Dans le mouvement anarchiste, les discussions et les positions quant au conflit entre Israël et le monde arabo-palestinien ont souvent été une question de « De quel côté es-tu ? » Les plus âgés des anarchistes ont en général été en faveur d’Israël, voire très heureux de son existence, et ils acceptaient sans beaucoup de critiques la position israélienne dans le conflit. Dans les années 60, le courant s’est renversé : les jeunes anarchistes et les activistes ont adopté sans réserves la position palestinienne et défendu les activités de l’OLP. Parfois cette position anti-israélienne a été mêlée d’antisémitisme. C’est surtout en France que l’on en a discuté.

Je crois qu’une approche anarchiste du conflit est possible. On doit abandonner l’approche nationaliste et cesser d’admirer les mouvements de libération nationale.

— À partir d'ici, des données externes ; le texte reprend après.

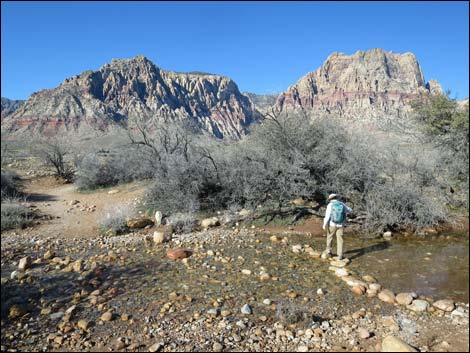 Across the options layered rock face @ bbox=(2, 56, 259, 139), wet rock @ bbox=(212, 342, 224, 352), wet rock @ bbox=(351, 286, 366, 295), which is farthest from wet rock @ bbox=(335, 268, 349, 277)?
layered rock face @ bbox=(2, 56, 259, 139)

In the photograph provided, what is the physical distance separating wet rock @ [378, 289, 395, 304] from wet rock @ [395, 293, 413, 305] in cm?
7

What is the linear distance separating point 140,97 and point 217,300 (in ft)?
504

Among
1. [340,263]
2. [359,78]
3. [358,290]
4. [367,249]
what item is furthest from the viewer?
[359,78]

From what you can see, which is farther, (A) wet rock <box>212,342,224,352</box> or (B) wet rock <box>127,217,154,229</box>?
(B) wet rock <box>127,217,154,229</box>

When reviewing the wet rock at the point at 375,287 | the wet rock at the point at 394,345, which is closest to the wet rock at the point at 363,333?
the wet rock at the point at 394,345

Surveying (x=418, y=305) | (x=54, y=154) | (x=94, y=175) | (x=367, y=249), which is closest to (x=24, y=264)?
(x=418, y=305)

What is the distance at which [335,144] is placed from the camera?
10.9m

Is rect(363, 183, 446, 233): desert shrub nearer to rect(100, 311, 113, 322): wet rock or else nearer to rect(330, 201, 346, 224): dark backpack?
rect(330, 201, 346, 224): dark backpack

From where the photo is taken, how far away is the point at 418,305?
5188mm

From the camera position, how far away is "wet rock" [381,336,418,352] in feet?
12.9

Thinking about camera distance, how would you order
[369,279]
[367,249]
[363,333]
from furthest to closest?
[367,249]
[369,279]
[363,333]

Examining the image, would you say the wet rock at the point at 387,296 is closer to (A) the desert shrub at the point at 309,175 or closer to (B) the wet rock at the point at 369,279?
(B) the wet rock at the point at 369,279

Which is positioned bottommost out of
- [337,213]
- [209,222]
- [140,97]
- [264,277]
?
[264,277]

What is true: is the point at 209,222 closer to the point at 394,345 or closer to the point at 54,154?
the point at 394,345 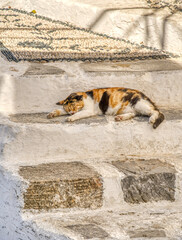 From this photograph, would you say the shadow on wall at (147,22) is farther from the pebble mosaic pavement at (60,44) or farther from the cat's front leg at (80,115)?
the cat's front leg at (80,115)

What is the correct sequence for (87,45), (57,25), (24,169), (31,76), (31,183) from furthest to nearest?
(57,25) < (87,45) < (31,76) < (24,169) < (31,183)

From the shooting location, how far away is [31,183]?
281cm

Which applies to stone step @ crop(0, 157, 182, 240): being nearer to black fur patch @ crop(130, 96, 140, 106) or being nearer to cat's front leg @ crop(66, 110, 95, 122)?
cat's front leg @ crop(66, 110, 95, 122)

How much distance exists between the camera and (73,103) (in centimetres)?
346

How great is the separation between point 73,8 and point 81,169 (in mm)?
3065

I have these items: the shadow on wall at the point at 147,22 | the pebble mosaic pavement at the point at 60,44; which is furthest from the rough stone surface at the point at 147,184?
the shadow on wall at the point at 147,22

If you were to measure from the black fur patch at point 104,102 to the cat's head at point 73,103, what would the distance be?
0.47 feet

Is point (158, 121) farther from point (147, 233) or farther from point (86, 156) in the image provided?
point (147, 233)

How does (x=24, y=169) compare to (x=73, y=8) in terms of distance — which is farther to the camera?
(x=73, y=8)

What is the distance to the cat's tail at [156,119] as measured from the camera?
10.9ft

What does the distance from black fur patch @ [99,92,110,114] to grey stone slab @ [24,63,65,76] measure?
0.39m

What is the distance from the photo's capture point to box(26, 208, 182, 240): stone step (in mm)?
2627

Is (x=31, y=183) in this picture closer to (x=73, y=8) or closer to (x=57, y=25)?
(x=57, y=25)

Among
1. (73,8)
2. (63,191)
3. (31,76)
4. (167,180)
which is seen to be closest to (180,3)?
(73,8) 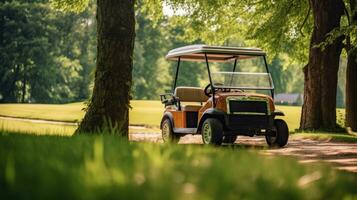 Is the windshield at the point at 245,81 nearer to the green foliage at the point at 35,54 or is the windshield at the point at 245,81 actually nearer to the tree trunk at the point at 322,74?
the tree trunk at the point at 322,74

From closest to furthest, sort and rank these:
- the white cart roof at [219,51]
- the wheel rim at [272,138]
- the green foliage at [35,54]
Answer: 1. the white cart roof at [219,51]
2. the wheel rim at [272,138]
3. the green foliage at [35,54]

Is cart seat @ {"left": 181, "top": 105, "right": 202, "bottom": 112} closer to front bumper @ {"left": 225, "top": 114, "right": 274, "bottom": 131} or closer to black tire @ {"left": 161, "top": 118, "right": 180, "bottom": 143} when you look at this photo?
black tire @ {"left": 161, "top": 118, "right": 180, "bottom": 143}

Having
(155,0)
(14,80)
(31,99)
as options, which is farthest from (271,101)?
(31,99)

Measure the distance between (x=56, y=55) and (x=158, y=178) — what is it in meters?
58.6

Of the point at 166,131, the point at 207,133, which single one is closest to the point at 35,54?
the point at 166,131

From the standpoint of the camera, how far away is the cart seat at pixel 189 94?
497 inches

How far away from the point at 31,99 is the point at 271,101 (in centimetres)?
5344

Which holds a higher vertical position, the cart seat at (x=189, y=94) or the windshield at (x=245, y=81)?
the windshield at (x=245, y=81)

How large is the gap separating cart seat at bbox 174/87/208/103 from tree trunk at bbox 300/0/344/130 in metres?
4.83

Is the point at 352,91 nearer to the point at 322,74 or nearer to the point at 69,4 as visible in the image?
the point at 322,74

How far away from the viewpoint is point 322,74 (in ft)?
53.8

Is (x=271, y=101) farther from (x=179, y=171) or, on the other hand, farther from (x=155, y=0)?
(x=155, y=0)

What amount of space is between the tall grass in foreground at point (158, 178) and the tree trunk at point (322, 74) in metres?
12.7

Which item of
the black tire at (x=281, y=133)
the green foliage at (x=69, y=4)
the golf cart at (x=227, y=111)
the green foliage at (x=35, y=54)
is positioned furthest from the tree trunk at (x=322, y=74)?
the green foliage at (x=35, y=54)
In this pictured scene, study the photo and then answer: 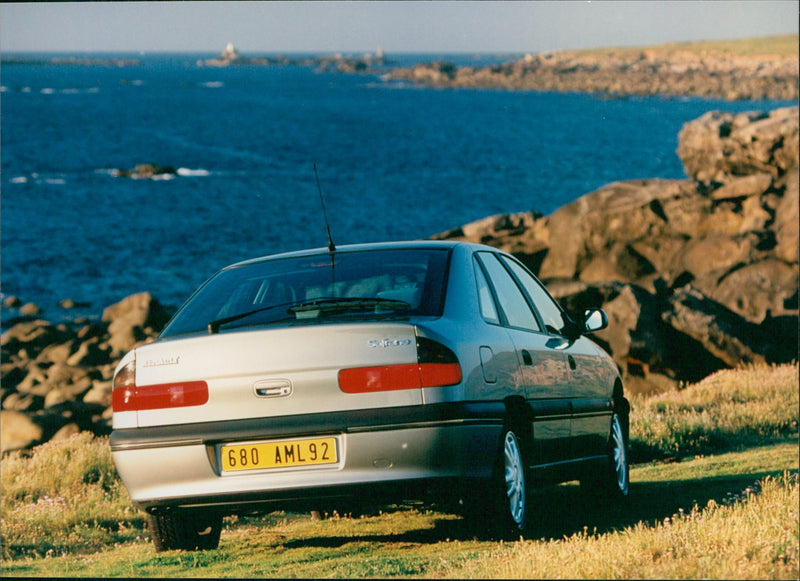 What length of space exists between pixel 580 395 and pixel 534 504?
1248mm

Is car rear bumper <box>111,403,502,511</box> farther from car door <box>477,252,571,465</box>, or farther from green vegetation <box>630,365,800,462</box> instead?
green vegetation <box>630,365,800,462</box>

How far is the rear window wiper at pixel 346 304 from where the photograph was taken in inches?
244

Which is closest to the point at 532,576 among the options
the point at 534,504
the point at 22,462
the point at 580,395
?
the point at 580,395

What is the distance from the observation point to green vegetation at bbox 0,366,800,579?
217 inches

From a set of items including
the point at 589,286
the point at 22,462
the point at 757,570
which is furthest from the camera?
the point at 589,286

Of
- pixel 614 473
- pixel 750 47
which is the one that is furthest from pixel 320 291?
pixel 750 47

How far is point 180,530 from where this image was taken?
6496 mm

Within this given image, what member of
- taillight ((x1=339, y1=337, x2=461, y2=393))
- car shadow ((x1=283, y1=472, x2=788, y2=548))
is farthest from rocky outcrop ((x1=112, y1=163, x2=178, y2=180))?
taillight ((x1=339, y1=337, x2=461, y2=393))

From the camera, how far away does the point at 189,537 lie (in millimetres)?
6590

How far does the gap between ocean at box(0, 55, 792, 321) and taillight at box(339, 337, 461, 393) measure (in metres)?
32.2

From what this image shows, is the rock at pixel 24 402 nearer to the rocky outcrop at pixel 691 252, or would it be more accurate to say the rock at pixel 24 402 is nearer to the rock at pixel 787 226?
the rocky outcrop at pixel 691 252

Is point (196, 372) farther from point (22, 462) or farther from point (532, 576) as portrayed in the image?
point (22, 462)

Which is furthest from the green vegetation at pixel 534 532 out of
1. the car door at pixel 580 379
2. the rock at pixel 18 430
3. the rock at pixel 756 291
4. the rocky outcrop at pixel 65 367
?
the rock at pixel 756 291

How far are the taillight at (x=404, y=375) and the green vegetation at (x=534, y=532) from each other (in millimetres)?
879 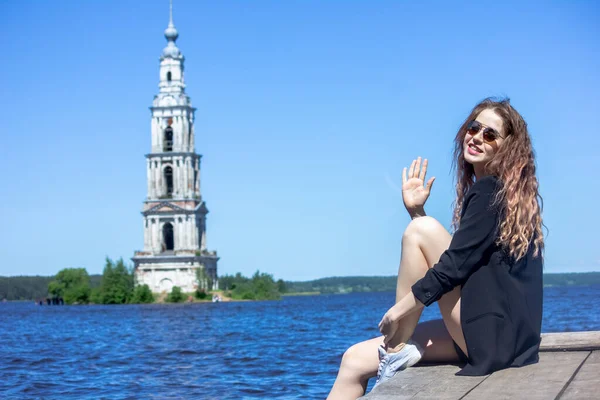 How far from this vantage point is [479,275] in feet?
16.3

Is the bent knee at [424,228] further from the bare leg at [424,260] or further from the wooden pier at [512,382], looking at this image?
the wooden pier at [512,382]

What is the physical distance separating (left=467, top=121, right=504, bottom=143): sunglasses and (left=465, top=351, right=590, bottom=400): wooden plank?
118cm

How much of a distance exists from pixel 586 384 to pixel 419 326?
1157 millimetres

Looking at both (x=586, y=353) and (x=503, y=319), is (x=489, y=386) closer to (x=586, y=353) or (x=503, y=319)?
(x=503, y=319)

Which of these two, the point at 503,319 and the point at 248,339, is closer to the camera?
the point at 503,319

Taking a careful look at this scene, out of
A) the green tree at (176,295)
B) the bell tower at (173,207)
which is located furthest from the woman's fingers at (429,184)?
the bell tower at (173,207)

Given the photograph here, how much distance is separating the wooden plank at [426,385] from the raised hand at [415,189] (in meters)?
0.88

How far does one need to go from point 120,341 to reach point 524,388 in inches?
949

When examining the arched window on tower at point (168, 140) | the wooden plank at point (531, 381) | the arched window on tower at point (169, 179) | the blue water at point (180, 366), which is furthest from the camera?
the arched window on tower at point (168, 140)

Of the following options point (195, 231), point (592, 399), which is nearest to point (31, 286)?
point (195, 231)

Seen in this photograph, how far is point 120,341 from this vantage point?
27625 mm

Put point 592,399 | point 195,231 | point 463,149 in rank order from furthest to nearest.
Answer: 1. point 195,231
2. point 463,149
3. point 592,399

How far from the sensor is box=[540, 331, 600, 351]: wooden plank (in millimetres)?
5672

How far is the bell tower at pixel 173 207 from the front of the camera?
9262cm
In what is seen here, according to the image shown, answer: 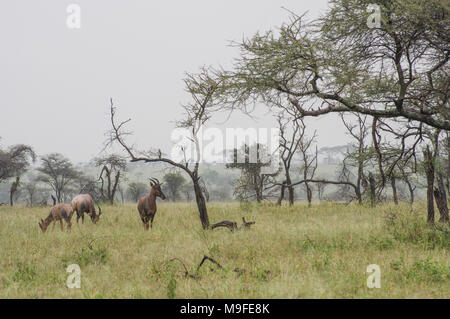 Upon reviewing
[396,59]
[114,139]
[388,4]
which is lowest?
[114,139]

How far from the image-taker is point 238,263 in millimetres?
5922

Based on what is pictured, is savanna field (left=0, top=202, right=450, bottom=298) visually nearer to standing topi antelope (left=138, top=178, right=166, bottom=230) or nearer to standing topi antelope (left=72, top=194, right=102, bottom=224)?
standing topi antelope (left=138, top=178, right=166, bottom=230)

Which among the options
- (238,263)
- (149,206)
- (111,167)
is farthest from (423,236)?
(111,167)

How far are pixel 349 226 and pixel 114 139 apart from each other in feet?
27.1

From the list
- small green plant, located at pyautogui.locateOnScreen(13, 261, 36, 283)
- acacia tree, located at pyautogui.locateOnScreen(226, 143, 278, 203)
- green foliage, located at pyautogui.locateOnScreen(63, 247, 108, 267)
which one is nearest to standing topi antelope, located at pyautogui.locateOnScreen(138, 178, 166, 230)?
green foliage, located at pyautogui.locateOnScreen(63, 247, 108, 267)

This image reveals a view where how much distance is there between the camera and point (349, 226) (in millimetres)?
9008

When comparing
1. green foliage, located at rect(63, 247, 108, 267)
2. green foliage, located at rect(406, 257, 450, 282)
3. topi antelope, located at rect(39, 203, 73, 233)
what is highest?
topi antelope, located at rect(39, 203, 73, 233)

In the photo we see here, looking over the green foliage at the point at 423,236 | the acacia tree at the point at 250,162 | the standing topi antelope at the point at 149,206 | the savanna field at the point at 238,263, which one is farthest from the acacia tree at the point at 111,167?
the acacia tree at the point at 250,162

La conception anarchiste de la révolution sociale a été en partie formulée (et c’était une partie essentielle) dans les débats idéologiques de Proudhon et Bakounine contre l’idée de révolution nationale, défendue par des hommes tels que Garibaldi et Mazzini. Aujourd’hui, l’accent doit être mis sur les droits de l’homme des gens ordinaires et contre l’idée de l’identité nationale, l’État.

Dans la revue libertaire néerlandaise De AS, j’ai essayé de formuler une approche à la fois anarchiste et réaliste, sans me faire trop d’illusions. J’ai comparé Yasser Arafat au héros national hollandais Guillaume d’Orange et je les ai blâmés tous deux pour la même raison ; ils ont demandé partout aide et prestige, en oubliant de s’aider eux-mêmes.

Après tout : la paix véritable est une paix entre êtres humains, pas un état de non-guerre entre États.